While remaining in the industry over the years, I happened to make career pivots several times and I believe it has been a critical piece of developing my unique skillset. While not for everyone, I’m a big advocate for expanding our horizons and learning as much as we can to assist us in rounding out our expertise and competencies. Some may term this as a jack of all trades or a master of none, but I personally think it’s an important quality in an industry that is constantly evolving.
To provide context and shed some light on an example of career pivots I have experienced, let me walk you through my planning path to date. I undertook a BA in Geography and MSc in Planning focusing on land use development and the environmental context while also obtaining my real estate license. It was important for me to touch all aspects of the land use and real estate business. While I was in school, I made sure to take on different internships each summer in order to identify which niches of planning I enjoyed the most by taking on roles in both the private (planning consulting) and public sectors (municipal level).
After graduating from the Master’s program, I decided to give it a go in brokerage first to understand real estate transactions, client management, building relationships, and market trends at CBRE. I’m really glad I did this, mainly for the network I gained, but in addition, it also allowed me the space to decide how I wanted to apply my planning background at which point I made the switch over to development at Dream.
I had the opportunity to work on several projects including mixed-use development, infill on constrained sites, master planned communities, and complex Requests For Proposals while working with all kinds of consultants, joint venture partners, and municipal staff. I fell in love with development and it made me realize I wanted to understand the entire business model as much as I could. This is what catapulted me to enter into an MBA program as I recognized my education and experience had been largely based on social sciences.

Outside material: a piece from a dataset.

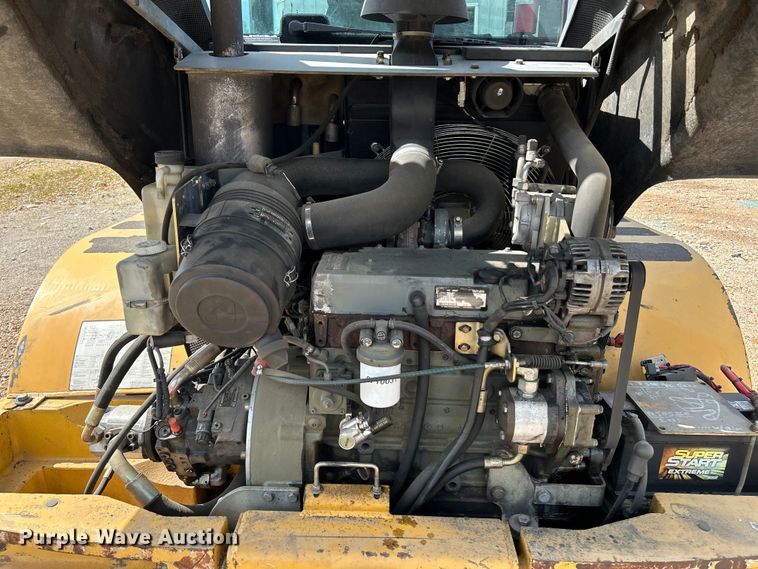 image for item OK9699 2009 John Deere 304J  wheel loader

I made a very conscious decision to study and live in a different urban metropolitan area when undertaking the MBA, in my case a coastal seaport city, which has proven to further my learnings from a planning and land use context. During this program I followed the footsteps of my previous academic years and deliberately took on internships in the private sector in development to become familiar with the regulatory framework and approval process in a new geography. It was during this time that I received in-depth learning about business fundamentals including corporate strategy, finance, economics, accounting, risk management, marketing, consumer behaviour, operations, negotiations, data analytics, entrepreneurship, and venture capital. In most classes, I put on my planning and development hat on to correlate the relationships between what I had been learning and the business side of planning. My biggest learning curve here was determining I wanted to take on a role in the leadership and corporate strategy space within the planning and development realm.
This has led me to my current role post-MBA as General Manager in Vancouver at Ratio.City, being responsible for the growth and market expansion in Western Canada for the comprehensive data analytics platform that’s been helping city builders to make data-driven decisions around land use. Big data can support planners with informative tools to effectively manage current policies and even more importantly a tool to better align cities with their future projections as it relates to Planning legislation, Zoning By-Laws, Community Plans, and other growth plans in place.

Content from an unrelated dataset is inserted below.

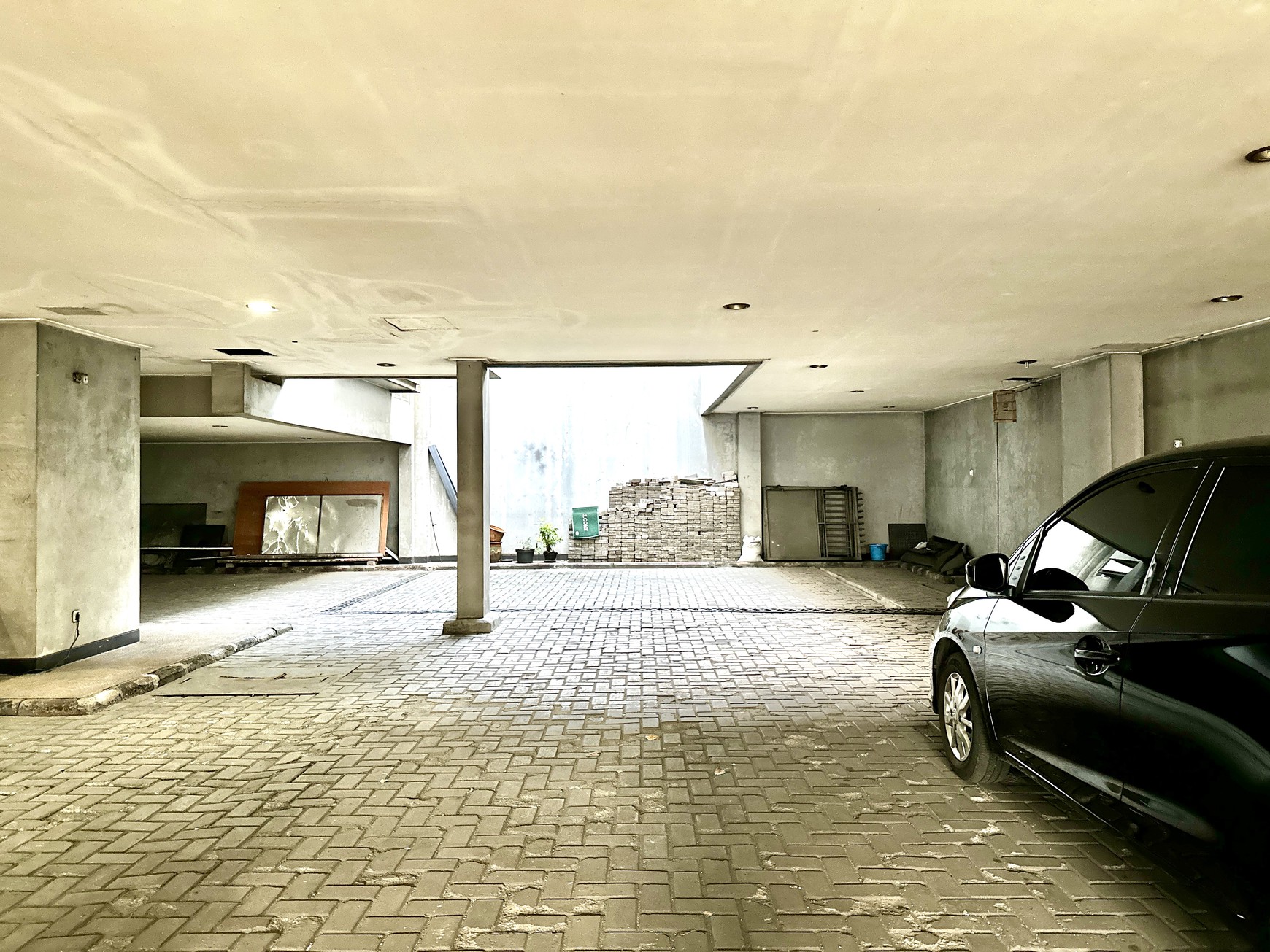 Ruang Usaha Di Lokasi Strategis Jl Bintaro Utama Jakarta Selatan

As you can see, I’ve had quite the experience to date throughout my planning career. Hopefully sharing my experience can provide insight on how one can make a career pivot in planning and inspire you to confidently make a switch if it’s something that may be on your mind.
Monika Rau (BA, MSc, MBA) has over five years of experience working on complex real estate development projects in both Toronto and Vancouver and has worked in all facets of the real estate industry from brokerage to planning in the public and private sectors to development to proptech. Monika helps clients find solutions in her current role as General Manager in Vancouver for Ratio.City, a data analytics platform helping city builders make data-driven decisions to transform communities. She has extensive experience with industry involvement and leading fundraising campaigns revolving around responsible land use, holding leadership roles with ULI BC, CREW Vancouver, and Salvation Army Nine Stories of Hope.